Input material section start

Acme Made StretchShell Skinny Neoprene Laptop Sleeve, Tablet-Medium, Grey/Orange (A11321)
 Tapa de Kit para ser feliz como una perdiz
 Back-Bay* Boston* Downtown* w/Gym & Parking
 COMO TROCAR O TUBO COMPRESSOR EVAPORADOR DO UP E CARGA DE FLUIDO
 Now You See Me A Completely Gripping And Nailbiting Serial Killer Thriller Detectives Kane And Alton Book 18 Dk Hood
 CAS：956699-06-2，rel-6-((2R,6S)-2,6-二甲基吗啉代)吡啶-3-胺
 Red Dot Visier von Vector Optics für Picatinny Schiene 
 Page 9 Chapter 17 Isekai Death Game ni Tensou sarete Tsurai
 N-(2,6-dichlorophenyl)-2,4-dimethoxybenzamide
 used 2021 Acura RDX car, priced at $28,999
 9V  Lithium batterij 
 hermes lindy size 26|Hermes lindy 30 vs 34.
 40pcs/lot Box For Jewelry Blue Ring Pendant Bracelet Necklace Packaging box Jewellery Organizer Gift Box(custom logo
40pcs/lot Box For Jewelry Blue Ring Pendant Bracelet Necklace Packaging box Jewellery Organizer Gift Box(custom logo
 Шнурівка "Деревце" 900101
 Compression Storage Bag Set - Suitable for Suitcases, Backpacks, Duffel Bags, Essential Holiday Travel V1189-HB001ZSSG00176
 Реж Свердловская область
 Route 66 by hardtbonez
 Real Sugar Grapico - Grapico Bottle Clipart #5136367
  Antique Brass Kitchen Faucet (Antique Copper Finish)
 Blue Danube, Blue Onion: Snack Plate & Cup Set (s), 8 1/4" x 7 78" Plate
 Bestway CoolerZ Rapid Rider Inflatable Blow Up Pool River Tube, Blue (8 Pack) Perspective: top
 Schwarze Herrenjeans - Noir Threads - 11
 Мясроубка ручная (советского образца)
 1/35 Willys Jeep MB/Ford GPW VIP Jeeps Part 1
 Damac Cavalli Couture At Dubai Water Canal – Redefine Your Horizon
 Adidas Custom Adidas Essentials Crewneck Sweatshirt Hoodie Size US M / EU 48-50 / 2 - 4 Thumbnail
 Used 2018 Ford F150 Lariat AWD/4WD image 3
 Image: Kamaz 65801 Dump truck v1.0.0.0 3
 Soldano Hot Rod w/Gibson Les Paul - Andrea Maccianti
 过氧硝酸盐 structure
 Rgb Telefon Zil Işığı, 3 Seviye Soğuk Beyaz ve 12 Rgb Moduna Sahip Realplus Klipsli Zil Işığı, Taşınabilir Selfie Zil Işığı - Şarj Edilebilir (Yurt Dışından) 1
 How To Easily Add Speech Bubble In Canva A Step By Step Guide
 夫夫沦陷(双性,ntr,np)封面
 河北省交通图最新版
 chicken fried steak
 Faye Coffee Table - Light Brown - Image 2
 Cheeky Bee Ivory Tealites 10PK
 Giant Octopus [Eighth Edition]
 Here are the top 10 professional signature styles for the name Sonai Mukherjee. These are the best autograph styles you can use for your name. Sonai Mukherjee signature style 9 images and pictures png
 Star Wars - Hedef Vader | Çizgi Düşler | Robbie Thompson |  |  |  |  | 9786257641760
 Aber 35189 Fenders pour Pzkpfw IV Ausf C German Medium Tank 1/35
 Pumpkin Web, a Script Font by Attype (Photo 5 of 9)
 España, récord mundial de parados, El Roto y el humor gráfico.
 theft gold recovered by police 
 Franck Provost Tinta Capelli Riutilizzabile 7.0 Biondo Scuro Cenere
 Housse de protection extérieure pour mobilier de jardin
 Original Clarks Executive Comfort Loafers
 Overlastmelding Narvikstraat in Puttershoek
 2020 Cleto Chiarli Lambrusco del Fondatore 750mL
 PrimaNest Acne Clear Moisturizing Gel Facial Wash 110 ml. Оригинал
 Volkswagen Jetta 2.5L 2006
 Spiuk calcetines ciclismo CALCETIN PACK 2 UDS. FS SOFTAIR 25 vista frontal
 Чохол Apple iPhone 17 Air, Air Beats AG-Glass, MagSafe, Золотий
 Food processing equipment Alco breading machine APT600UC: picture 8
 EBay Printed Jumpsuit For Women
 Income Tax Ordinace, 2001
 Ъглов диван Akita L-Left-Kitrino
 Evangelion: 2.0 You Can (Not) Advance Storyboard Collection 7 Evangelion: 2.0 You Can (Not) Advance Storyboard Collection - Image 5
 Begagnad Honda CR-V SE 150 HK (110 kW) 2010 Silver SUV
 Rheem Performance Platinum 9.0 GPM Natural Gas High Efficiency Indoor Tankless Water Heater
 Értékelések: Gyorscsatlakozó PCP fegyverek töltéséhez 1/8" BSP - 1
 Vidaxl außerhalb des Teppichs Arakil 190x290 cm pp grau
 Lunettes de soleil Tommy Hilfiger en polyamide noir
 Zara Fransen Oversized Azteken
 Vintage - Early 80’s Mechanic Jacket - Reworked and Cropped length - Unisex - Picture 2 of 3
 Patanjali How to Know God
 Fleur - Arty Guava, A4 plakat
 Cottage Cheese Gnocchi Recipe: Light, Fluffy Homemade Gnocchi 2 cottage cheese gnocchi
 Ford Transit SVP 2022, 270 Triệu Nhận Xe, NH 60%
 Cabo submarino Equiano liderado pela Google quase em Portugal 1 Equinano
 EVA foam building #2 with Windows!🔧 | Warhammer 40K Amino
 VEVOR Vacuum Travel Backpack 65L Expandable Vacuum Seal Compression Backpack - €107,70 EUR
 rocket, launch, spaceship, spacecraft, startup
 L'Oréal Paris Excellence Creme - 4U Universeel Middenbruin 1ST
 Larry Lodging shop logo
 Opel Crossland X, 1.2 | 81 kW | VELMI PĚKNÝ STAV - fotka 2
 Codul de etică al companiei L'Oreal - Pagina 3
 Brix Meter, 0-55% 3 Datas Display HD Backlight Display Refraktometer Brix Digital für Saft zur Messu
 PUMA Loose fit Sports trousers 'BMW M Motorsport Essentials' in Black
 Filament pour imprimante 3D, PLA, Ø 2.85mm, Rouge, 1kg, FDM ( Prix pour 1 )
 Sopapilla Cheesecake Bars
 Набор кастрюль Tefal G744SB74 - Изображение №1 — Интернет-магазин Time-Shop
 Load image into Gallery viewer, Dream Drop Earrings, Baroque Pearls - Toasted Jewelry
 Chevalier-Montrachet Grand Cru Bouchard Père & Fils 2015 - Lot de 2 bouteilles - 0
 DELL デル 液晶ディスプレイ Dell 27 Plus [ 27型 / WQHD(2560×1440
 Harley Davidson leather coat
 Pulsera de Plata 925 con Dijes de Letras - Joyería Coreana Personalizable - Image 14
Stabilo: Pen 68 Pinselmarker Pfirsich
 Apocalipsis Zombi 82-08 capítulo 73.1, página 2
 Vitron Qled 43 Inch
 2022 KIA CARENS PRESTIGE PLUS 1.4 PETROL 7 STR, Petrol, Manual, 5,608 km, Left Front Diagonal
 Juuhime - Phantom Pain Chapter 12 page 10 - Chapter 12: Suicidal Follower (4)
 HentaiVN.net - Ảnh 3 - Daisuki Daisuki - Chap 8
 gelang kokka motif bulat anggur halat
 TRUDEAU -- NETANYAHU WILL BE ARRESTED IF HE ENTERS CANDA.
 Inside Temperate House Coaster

Input material section end

Your task:
The line with "Apocalipsis Zombi 82-08" and all the lines after it in the records above are to be output exactly, with nothing added.

Answer to this problem:
 Apocalipsis Zombi 82-08 capítulo 73.1, página 2
 Vitron Qled 43 Inch
 2022 KIA CARENS PRESTIGE PLUS 1.4 PETROL 7 STR, Petrol, Manual, 5,608 km, Left Front Diagonal
 Juuhime - Phantom Pain Chapter 12 page 10 - Chapter 12: Suicidal Follower (4)
 HentaiVN.net - Ảnh 3 - Daisuki Daisuki - Chap 8
 gelang kokka motif bulat anggur halat
 TRUDEAU -- NETANYAHU WILL BE ARRESTED IF HE ENTERS CANDA.
 Inside Temperate House Coaster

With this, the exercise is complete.